RECORDS:
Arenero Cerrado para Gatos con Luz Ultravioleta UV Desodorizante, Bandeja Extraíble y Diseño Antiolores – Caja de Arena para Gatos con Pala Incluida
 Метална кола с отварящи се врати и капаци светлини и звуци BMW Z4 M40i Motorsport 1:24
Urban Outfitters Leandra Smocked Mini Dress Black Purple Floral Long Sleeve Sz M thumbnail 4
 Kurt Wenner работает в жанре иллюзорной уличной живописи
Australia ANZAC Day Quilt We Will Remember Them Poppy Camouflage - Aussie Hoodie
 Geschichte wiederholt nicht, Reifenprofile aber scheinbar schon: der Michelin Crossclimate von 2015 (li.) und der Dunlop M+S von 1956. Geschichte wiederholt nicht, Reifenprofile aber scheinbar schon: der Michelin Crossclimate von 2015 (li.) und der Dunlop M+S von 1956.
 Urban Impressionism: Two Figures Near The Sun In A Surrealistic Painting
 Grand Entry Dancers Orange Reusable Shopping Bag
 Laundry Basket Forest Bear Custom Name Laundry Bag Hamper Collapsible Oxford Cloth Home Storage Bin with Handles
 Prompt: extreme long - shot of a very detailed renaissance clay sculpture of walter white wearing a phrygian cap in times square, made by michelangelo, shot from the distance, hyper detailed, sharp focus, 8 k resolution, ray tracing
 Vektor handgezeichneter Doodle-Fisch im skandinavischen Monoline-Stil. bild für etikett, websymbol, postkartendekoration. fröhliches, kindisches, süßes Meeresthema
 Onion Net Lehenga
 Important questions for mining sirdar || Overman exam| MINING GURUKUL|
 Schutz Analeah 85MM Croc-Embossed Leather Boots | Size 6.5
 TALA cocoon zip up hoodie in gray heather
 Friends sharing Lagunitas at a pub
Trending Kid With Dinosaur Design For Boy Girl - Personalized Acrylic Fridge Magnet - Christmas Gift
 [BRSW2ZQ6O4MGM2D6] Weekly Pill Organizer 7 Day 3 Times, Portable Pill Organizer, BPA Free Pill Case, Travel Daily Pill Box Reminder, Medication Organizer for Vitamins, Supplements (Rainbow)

TASK OBJECTIVE:
Your output should be the listing's lines, exact and complete, from its first line to the line that contains "Laundry Basket Forest", inclusive.

ANSWER FOR THE TASK:
Arenero Cerrado para Gatos con Luz Ultravioleta UV Desodorizante, Bandeja Extraíble y Diseño Antiolores – Caja de Arena para Gatos con Pala Incluida
 Метална кола с отварящи се врати и капаци светлини и звуци BMW Z4 M40i Motorsport 1:24
Urban Outfitters Leandra Smocked Mini Dress Black Purple Floral Long Sleeve Sz M thumbnail 4
 Kurt Wenner работает в жанре иллюзорной уличной живописи
Australia ANZAC Day Quilt We Will Remember Them Poppy Camouflage - Aussie Hoodie
 Geschichte wiederholt nicht, Reifenprofile aber scheinbar schon: der Michelin Crossclimate von 2015 (li.) und der Dunlop M+S von 1956. Geschichte wiederholt nicht, Reifenprofile aber scheinbar schon: der Michelin Crossclimate von 2015 (li.) und der Dunlop M+S von 1956.
 Urban Impressionism: Two Figures Near The Sun In A Surrealistic Painting
 Grand Entry Dancers Orange Reusable Shopping Bag
 Laundry Basket Forest Bear Custom Name Laundry Bag Hamper Collapsible Oxford Cloth Home Storage Bin with Handles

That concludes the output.